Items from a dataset
>>>>>

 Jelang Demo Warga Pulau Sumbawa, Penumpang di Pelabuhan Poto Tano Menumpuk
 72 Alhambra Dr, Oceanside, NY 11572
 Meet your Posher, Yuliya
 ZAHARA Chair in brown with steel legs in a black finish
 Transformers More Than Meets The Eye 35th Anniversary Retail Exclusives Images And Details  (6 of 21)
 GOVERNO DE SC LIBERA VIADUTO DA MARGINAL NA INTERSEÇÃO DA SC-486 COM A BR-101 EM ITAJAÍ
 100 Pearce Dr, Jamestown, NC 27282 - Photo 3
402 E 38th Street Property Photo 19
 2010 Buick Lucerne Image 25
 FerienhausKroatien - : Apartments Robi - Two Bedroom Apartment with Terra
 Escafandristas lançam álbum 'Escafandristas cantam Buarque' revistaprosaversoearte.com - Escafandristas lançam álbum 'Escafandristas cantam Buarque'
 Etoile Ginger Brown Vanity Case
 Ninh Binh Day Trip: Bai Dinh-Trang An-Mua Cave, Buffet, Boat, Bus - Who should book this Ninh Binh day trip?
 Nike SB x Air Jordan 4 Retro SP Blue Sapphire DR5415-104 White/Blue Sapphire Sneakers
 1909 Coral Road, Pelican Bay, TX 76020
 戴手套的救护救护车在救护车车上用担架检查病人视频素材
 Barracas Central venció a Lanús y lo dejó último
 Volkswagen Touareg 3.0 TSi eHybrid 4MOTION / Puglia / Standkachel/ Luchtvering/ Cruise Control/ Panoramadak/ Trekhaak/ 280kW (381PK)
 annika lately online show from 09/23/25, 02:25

<<<<<

What this task involves: Top to bottom, transcribe every line above exactly.

Written solution:
 Jelang Demo Warga Pulau Sumbawa, Penumpang di Pelabuhan Poto Tano Menumpuk
 72 Alhambra Dr, Oceanside, NY 11572
 Meet your Posher, Yuliya
 ZAHARA Chair in brown with steel legs in a black finish
 Transformers More Than Meets The Eye 35th Anniversary Retail Exclusives Images And Details  (6 of 21)
 GOVERNO DE SC LIBERA VIADUTO DA MARGINAL NA INTERSEÇÃO DA SC-486 COM A BR-101 EM ITAJAÍ
 100 Pearce Dr, Jamestown, NC 27282 - Photo 3
402 E 38th Street Property Photo 19
 2010 Buick Lucerne Image 25
 FerienhausKroatien - : Apartments Robi - Two Bedroom Apartment with Terra
 Escafandristas lançam álbum 'Escafandristas cantam Buarque' revistaprosaversoearte.com - Escafandristas lançam álbum 'Escafandristas cantam Buarque'
 Etoile Ginger Brown Vanity Case
 Ninh Binh Day Trip: Bai Dinh-Trang An-Mua Cave, Buffet, Boat, Bus - Who should book this Ninh Binh day trip?
 Nike SB x Air Jordan 4 Retro SP Blue Sapphire DR5415-104 White/Blue Sapphire Sneakers
 1909 Coral Road, Pelican Bay, TX 76020
 戴手套的救护救护车在救护车车上用担架检查病人视频素材
 Barracas Central venció a Lanús y lo dejó último
 Volkswagen Touareg 3.0 TSi eHybrid 4MOTION / Puglia / Standkachel/ Luchtvering/ Cruise Control/ Panoramadak/ Trekhaak/ 280kW (381PK)
 annika lately online show from 09/23/25, 02:25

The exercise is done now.